Because I wasn't the kind of woman to build dollhouses or model ships.

No.

I built bombs.

And when there were times that I couldn't work at the place Hailstorm had set up for me, like back when I blew Lex's place to kingdom come and didn't want anyone to know I was in on it. And like right then.

Because if Hailstorm knew I was there, they would know why, and then the calvary would come to stop me.

And fuck that.

I wasn't poor little heartbroken Janie. I was mother fucking Jstorm and someone was coming after half of the people I held near and dear and that shit would never fly.

I was not going to be that girl. I wasn't going to break. I wasn't going to sit around and woe-is-me and wring my hands and bemoan how unfair the world was.

I was going to right the wrongs.

I was going to make them pay for thinking we were weak, that we would lie down and take the fucking, that we weren't going to fight back.

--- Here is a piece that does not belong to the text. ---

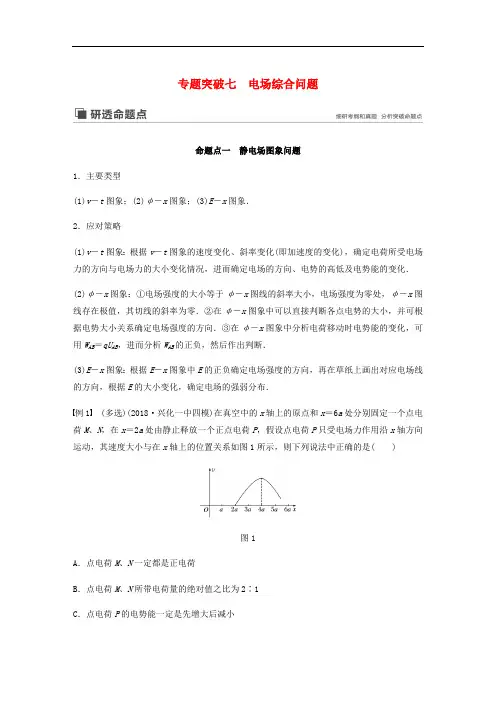 江苏专用2020版高考物理新增分大一轮复习第六章静电场专题突破七电场综合问题讲义含解析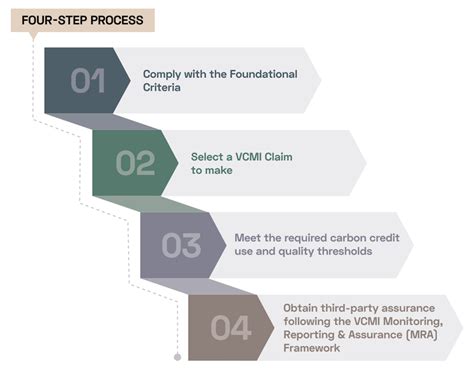 Decoding the 10 Claims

Because, for all the fanfare, for all the carefully plotted attacks, Little Ricky's organization wasn't as bulletproof as he thought it was. At least not to me, not to someone hellbent on finding them.

Little Ricky himself, who was every bit as gigantic as Alex had said, was still in Long Island. Because just like he was power and money hungry, he was a coward. He sent others to do his dirty work.

I would leave him be.

First, because a vindictive part of me wanted him to suffer, wanted him to know what it felt like to lose his organization, to worry for his own life, for a while.

Second, because The Henchmen would never forgive me for stealing the chance for them to get their vengeance.